Despite a steady stream of cold rain, members of Montreal’s queer community, literati, and representatives of the local St Vincent and the Grenadines Association packed Paragraphe Bookstore on Nov 12 for the launch of Nigel Thomas’ new book, No Safeguards.
The novel, which was nominated for the Hugh MacLennan Prize for Fiction, chronicles the coming-of-age stories of two brothers born into a fundamentalist Christian family in St Vincent. After their mother moves to Canada to escape the abuse her preacher husband inflicts in the name of religion, the brothers live with their wealthy, intellectual grandmother.
In their teens, they are brought to Montreal to join their mother, where both struggle to adapt and to come to terms with their sexuality.
The novel is narrated by the older brother, Jay, and focuses on how the younger and more vulnerable Paul is impacted by the move. It is the first in a planned trilogy; the two other tomes intending to explore the brothers’ love lives as adults.
No Safeguards draws on Thomas’ experiences growing up as a gay man in St Vincent, where anal sex is still punished with 10 years imprisonment. An incident recounted in the book, where a gay couple’s house is surrounded, the men beaten, and the home burned to the ground, is drawn from Thomas’ early childhood memories.
“One night I heard a lot of noise, running and shouting,” he recalls. “The next morning I discovered that this was because of a gay chap who had a date in the village. A man had asked him to meet in the banana field . . . When he took off his clothes, other guys came out and began beating him.

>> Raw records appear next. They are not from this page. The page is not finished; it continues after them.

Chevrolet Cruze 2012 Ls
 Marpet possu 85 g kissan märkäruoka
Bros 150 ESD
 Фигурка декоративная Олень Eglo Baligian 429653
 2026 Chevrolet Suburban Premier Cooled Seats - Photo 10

They chased him through the field . . . until someone came to the rescue.”
According to Thomas, violence was a common occurrence and, as an effeminate boy, he was often its target.

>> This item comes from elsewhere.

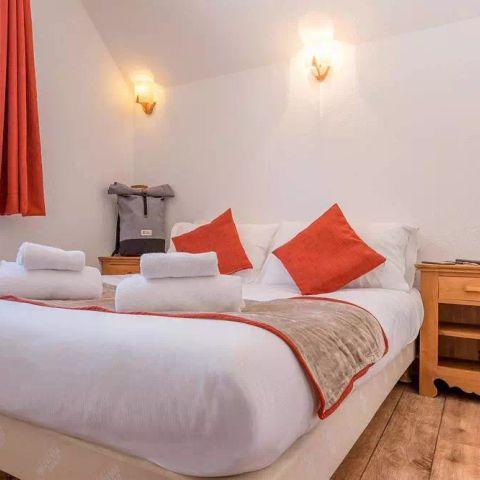 APPARTAMENTO 8 persone - Duplex + angolo di montagna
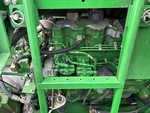 Motor with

“Effeminacy and homosexuality were considered to be one and the same thing,” he says. “People would literally hit me and say ‘Act like a man,’ or mock my voice and call me names.”
Thomas realized he was gay at age 16 but stayed in the closet. “I was afraid,” he says. “I also did believe that it was sinful. I was raised on the fundamentalist end of Methodism.”

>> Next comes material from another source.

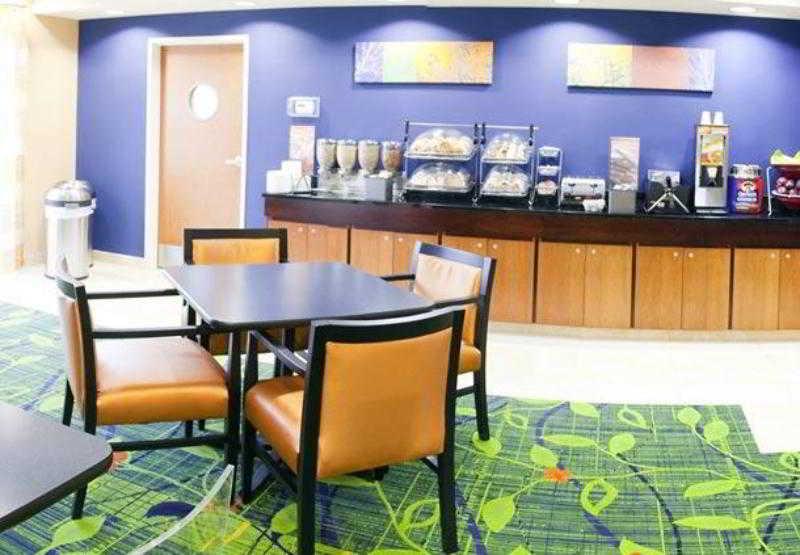 Fairfield By Marriott Peoria East Hotel Luaran gambar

When Thomas came to Canada in 1968 at age 21 he was engaged to marry. However, by the end of 1969, he says he began “exploring gay sex.”
He entered his first longterm relationship in the 1980s, but did not publicly come out until a series of homophobic articles appeared in the Vincentian press in 1994.
“No gay person in St Vincent felt comfortable challenging these horrible ideas — linking us to bestiality and pedophilia. I said, you know what, I better do it,” he says.
Thomas wrote a provocative letter to the offending papers, and his response was published as an article.
“Of course there was virulent feedback. I ended up duelling with the archbishop of the Windward Islands,” he says, referring to a heated debate between himself and high-profile locals that made headlines until 2002.
Thomas was also criticized for his openness by Montreal’s Vincentian community. Following an interview with the Montreal Gazette in 2000, where he spoke about black people in the LGBT community, he received angry phone calls.
“Some people said that they would burn my books,” he recalls.
Later in life, Thomas joined the St Vincent and the Grenadines Association of Montreal.
“I joined to claim my space as a gay Vincentian,” he explains. “And to my great astonishment, people were quite happy to have me.”
Although, according to Thomas, the community in Montreal has become more accepting, being gay is still dangerous for most people back home.
Still, there is hope for the future. One bookstore on the island now sells Thomas’ books. There is a secret gay association. While local gay activists use pseudonyms, allies openly write and speak about LGBT rights.
“They are glad that I am open because they can cite me verbatim,” Thomas says.